▸ Exercise brief: Set down the lines below, exactly, starting at the one that contains "lili_roussi online show" and stopping at the last line, inclusive. Omit pictures.

━━━ Exercise data ━━━

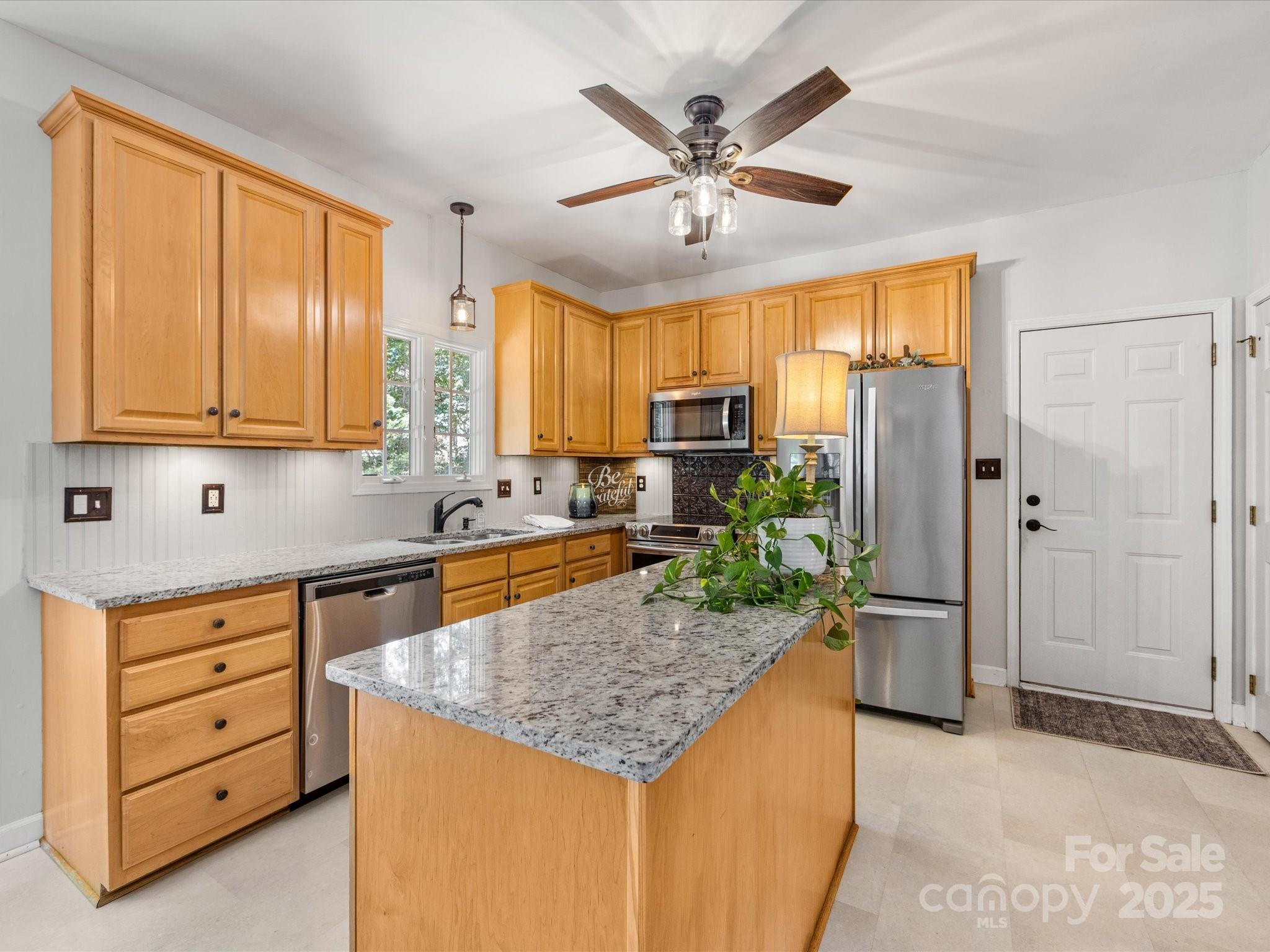 Tega Cay - Residential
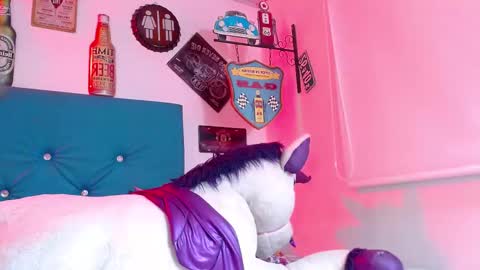 lili_roussi online show from October 4, 2025, 3:04 am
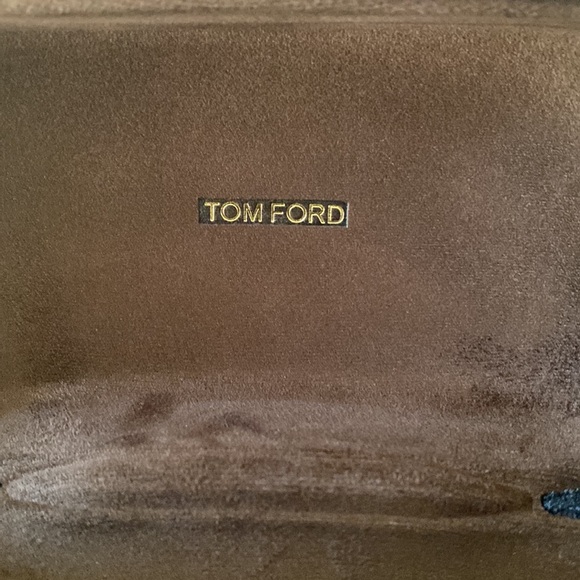 TOM FORD Brown Velvet and Suede Microfiber Clamshell Sunglass Case - Picture 13 of 13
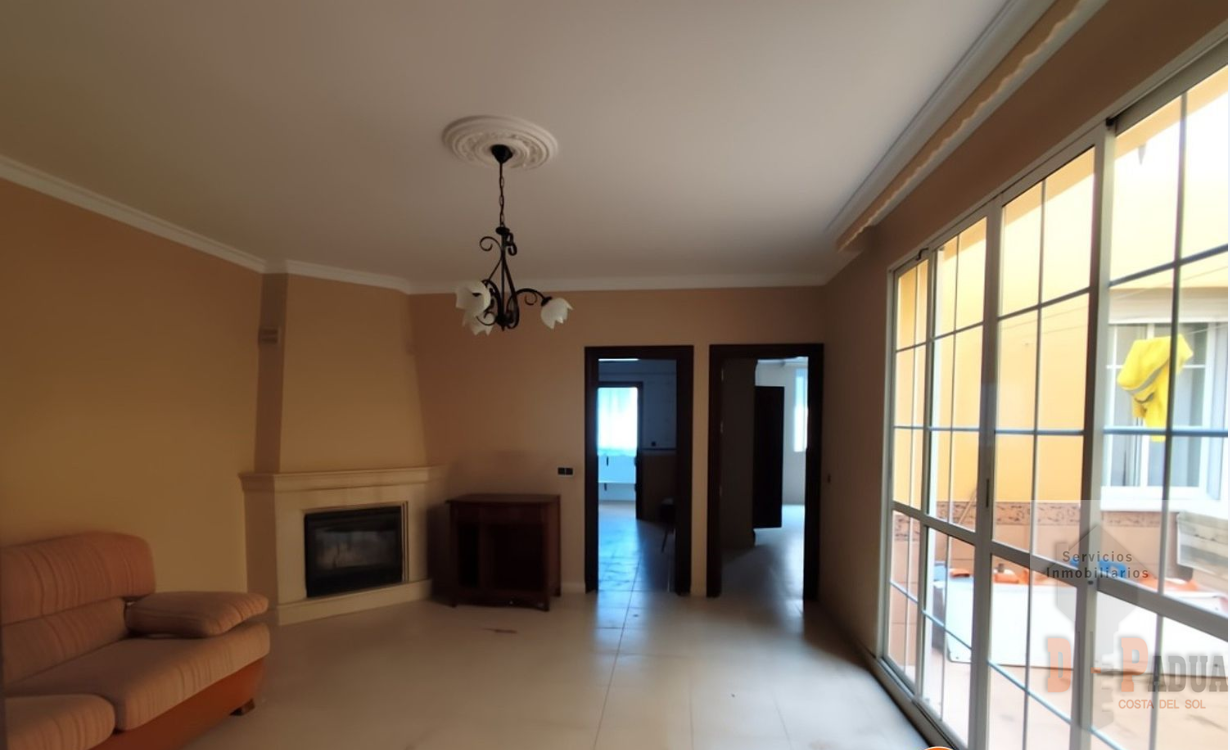 For sale of flat in Campillos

━━━

▸ Exercise output:
 lili_roussi online show from October 4, 2025, 3:04 am
 TOM FORD Brown Velvet and Suede Microfiber Clamshell Sunglass Case - Picture 13 of 13
 For sale of flat in Campillos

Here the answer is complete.